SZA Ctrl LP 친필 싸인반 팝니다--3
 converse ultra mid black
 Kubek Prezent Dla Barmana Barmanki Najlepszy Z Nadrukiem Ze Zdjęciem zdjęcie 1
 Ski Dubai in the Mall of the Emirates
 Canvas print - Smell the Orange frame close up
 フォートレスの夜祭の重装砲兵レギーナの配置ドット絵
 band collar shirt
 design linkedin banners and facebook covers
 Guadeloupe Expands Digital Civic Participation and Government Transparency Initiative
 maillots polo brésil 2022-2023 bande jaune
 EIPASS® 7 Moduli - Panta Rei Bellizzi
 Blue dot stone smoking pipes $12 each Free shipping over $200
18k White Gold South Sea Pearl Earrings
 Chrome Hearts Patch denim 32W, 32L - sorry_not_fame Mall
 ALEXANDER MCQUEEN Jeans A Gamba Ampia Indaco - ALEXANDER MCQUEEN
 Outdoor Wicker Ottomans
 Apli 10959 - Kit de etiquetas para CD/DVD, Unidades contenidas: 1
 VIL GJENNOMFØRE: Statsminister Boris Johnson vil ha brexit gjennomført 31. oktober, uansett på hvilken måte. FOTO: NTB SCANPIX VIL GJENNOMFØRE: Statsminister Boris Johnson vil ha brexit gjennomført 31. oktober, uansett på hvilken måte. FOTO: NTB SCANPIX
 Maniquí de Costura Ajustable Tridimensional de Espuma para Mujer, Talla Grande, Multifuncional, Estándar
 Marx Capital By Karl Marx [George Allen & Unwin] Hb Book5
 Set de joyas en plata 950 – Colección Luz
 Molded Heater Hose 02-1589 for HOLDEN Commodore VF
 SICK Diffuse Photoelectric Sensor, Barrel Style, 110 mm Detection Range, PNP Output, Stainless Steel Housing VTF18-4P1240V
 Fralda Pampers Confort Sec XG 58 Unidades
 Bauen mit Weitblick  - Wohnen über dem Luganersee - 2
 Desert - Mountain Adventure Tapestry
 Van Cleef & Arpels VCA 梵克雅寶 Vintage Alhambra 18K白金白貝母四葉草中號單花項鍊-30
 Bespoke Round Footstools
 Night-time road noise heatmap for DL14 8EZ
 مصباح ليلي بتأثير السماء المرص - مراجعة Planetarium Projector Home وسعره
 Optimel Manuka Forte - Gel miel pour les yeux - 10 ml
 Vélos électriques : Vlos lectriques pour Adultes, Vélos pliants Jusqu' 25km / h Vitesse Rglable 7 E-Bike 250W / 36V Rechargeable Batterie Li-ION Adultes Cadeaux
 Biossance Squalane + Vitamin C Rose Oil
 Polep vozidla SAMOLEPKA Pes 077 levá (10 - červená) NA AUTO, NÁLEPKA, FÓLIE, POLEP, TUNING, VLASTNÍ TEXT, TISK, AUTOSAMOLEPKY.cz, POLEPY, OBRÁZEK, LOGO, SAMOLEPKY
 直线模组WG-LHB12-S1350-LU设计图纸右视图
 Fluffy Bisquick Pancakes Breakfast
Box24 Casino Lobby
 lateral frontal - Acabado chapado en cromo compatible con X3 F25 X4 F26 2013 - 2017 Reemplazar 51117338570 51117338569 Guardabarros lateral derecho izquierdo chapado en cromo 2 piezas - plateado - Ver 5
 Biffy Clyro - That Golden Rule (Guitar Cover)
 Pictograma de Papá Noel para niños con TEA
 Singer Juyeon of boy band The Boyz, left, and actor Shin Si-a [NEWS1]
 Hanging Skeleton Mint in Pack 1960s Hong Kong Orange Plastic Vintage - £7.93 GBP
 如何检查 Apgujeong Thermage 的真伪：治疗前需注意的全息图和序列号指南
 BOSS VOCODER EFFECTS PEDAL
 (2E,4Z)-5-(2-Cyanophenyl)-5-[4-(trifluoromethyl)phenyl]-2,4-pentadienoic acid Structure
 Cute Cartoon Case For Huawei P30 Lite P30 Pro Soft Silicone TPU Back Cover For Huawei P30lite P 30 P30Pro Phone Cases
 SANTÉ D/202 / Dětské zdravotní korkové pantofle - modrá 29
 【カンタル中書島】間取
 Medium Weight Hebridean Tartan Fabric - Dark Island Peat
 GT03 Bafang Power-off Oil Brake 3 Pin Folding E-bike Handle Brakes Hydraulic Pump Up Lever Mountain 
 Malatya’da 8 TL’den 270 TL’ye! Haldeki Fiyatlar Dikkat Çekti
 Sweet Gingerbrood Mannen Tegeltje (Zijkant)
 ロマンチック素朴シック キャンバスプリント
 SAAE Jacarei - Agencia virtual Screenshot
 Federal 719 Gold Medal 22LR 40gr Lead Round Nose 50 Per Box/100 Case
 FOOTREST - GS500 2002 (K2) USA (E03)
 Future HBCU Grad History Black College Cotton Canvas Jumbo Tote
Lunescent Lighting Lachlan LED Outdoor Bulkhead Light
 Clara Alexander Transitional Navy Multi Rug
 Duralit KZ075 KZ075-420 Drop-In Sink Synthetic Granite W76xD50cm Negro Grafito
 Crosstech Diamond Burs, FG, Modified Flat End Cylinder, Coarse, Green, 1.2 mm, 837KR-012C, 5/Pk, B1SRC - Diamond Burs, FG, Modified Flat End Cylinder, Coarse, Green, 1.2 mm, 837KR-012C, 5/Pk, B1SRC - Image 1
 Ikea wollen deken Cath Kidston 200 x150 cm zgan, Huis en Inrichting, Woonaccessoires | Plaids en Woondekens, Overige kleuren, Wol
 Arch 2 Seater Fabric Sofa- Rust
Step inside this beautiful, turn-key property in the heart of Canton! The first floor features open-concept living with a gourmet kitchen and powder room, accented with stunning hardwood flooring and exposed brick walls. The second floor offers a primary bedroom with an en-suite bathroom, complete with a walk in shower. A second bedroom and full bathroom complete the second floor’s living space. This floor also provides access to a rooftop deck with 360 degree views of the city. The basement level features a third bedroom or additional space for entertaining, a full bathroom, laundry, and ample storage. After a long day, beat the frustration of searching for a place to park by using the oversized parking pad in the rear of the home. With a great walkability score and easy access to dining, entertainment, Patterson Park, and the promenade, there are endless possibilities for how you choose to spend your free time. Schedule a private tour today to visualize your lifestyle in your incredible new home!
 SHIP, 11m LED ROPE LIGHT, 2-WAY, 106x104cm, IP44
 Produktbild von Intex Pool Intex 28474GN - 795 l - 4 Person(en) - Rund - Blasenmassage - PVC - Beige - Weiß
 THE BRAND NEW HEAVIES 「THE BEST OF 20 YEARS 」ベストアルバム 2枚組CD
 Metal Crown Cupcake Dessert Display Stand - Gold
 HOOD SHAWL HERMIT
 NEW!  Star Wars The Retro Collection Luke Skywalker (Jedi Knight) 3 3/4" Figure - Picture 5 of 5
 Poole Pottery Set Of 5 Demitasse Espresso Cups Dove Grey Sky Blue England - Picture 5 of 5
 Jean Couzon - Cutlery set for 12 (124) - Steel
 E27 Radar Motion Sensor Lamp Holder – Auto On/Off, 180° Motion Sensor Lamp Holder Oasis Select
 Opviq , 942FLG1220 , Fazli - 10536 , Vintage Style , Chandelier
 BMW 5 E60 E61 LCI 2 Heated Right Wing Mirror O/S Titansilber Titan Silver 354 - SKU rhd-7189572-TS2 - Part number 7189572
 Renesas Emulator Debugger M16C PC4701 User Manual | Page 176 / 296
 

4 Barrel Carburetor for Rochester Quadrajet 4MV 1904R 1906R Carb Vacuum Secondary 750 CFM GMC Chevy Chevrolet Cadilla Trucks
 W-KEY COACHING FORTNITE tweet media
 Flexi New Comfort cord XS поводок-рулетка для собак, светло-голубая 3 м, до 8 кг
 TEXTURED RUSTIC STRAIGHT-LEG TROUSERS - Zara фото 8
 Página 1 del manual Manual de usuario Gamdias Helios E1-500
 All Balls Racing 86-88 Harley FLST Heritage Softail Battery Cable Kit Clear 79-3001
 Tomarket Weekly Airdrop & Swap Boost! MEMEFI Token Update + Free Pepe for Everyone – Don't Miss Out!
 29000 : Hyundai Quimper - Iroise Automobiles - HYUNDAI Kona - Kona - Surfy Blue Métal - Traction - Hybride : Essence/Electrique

* * *

◆ **Activity**
For each line of the data that includes the word "Sensor", return a copy of it.

◆ **The answer**
 SICK Diffuse Photoelectric Sensor, Barrel Style, 110 mm Detection Range, PNP Output, Stainless Steel Housing VTF18-4P1240V
 E27 Radar Motion Sensor Lamp Holder – Auto On/Off, 180° Motion Sensor Lamp Holder Oasis Select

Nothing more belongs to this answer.